How to actually practice for this

Re-grinding arrays will not move your score. The trainable skills here are different, and you can drill them on real codebases this week.

Practice reading code you didn't write, fast. Clone an unfamiliar mid-size repo and give yourself ten minutes to answer where state lives and how data flows before you touch anything. You can even use the AI as a comprehension accelerator the way Meta's phase one and Google's comprehension round expect, with a prompt like "summarize the data flow across these files and tell me where state is mutated," while still forming your own mental model so you can defend it. The AI maps the territory; you still have to know the terrain.

Practice budgeting 60 minutes. The recommended Meta strategy is to spend the first few minutes planning, use AI for specific well-scoped tasks, and reserve the final minutes for testing and review. The failure mode to drill out of yourself is endless prompt-tuning on a minor detail while the clock burns.

Practice narrating. The competency that quietly sinks people is communication: vague prompts, and no clear account of when or why they reached for AI. Say what you're delegating and why before you delegate it. Say what you're checking when output comes back. The interviewer cannot grade judgment they cannot hear.

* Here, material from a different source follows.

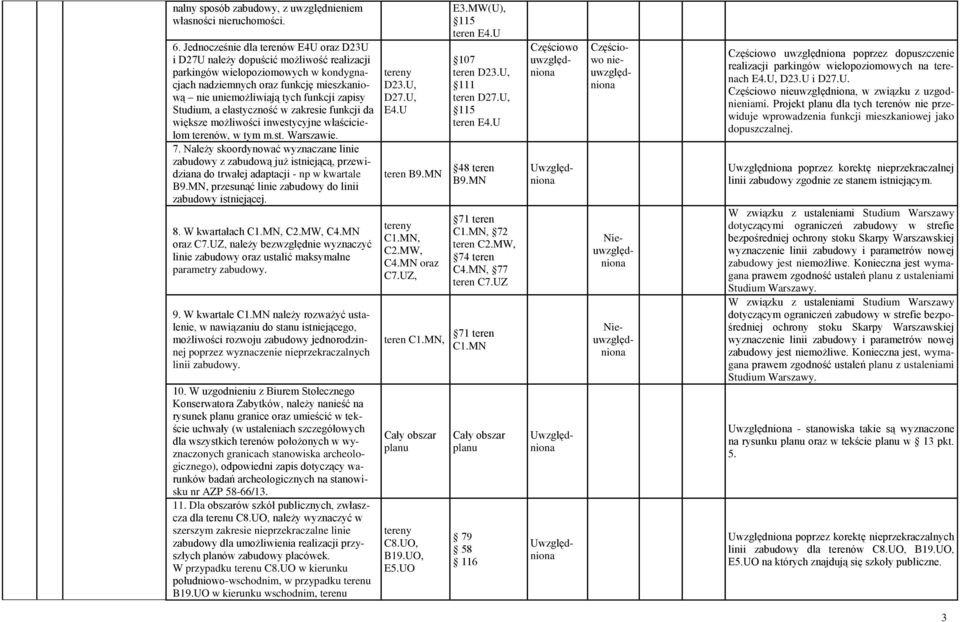 zapisy Studium, a elastyczność w zakresie funkcji da większe możliwości inwestycyjne właścicielom terenów, w tym m.st. Warszawie. 7.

For senior engineers, I think this is genuinely good news, and that is the stance I'll stand behind. LeetCode never measured taste, ownership, or the ability to smell a bad abstraction. These loops measure exactly that. The format finally rewards the thing experience actually gives you, which is knowing what good looks like and refusing to ship less. The candidates who hate this change are usually the ones whose advantage was memorization. If your advantage is judgment, the new interview is the one you've been waiting for.

So stop closing the AI panel. Open it, hand it the small stuff, and spend your real attention on the one thing it can't do for you: deciding whether the code it gave you is actually correct.